Based on the context provided, please answer the query. If the context doesn't contain relevant information, say so and provide a general answer based on your knowledge of FinOps and cloud computing."""
    
    return query_model(prompt)

In [6]:
kb_file_path = os.path.join("./data/finops_cloud_kb.txt")
knowledge_base = load_knowledge_base(kb_file_path)

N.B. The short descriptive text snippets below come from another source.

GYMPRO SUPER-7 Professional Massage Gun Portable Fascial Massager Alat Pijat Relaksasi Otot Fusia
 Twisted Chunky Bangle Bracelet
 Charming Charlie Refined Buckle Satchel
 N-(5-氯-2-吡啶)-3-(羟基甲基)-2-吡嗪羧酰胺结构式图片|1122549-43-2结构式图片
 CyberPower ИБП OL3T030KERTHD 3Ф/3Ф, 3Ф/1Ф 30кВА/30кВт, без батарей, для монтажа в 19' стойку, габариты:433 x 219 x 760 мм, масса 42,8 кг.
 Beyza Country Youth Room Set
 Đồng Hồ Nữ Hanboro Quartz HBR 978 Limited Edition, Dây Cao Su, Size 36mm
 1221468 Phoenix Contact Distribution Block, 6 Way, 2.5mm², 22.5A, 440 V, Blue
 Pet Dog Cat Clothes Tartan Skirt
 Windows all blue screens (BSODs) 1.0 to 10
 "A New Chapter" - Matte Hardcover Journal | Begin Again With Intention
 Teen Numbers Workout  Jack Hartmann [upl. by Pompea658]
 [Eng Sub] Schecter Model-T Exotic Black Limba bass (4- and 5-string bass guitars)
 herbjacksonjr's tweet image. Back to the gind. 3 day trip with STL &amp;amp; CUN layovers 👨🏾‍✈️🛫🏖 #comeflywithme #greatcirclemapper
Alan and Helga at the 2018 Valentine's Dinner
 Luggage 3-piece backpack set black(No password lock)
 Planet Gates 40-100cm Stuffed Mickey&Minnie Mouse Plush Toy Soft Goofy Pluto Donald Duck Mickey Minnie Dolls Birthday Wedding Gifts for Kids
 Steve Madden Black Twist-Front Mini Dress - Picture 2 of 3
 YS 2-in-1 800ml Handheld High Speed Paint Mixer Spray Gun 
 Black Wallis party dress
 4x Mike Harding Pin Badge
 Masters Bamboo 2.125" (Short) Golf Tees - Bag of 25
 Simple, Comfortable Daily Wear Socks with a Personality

print("FinOps and Cloud Computing Q&A System")
print("Enter 'quit' to exit")

while True:
    query = input("\nEnter your query: ")
    if query.lower() == 'quit':
        break
    
    response = rag_query(query, knowledge_base, top_n=10)
    print(f"\nResponse: {response}")

FinOps and Cloud Computing Q&A System
Enter 'quit' to exit

Response: In addition to providing cloud services and optimizing infrastructure, FinOp strategies can help businesses achieve cost optimization by automating tasktags, integrating machine learning, and adopting more sophisticated solutions like IA. While continuously evolving in a constant pace, FinOps provides opportunities for adapting quickly to changes and implementing culture of optimizing team-wide. The combination of proactive methodologies, a well-strategized approach, and cost transformation as the underlying motivator can lead to significant cost savings for businesses.



RAG Implementation in the Script:

1. Knowledge Base: We have a simple in-memory knowledge base represented by the `knowledge_base` which is a text file containing information about the cloud and FinOps. In a real-world scenario, this could be a much larger database or document store.

2. Retrieval Function: The `retrieve_context` function implements a basic retrieval mechanism. It searches the knowledge base for sentences containing the query and concatenates them.

3. RAG Process: The `rag_example` function ties it all together:
   - It first calls `retrieve_context` to get relevant information.
   - It then constructs a prompt that includes both the retrieved context and the original query.
   - Finally, it sends this enriched prompt to the language model via the `query_model` function.

This implementation allows the model to generate responses based on both its pre-trained knowledge and the specific information retrieved from the knowledge base.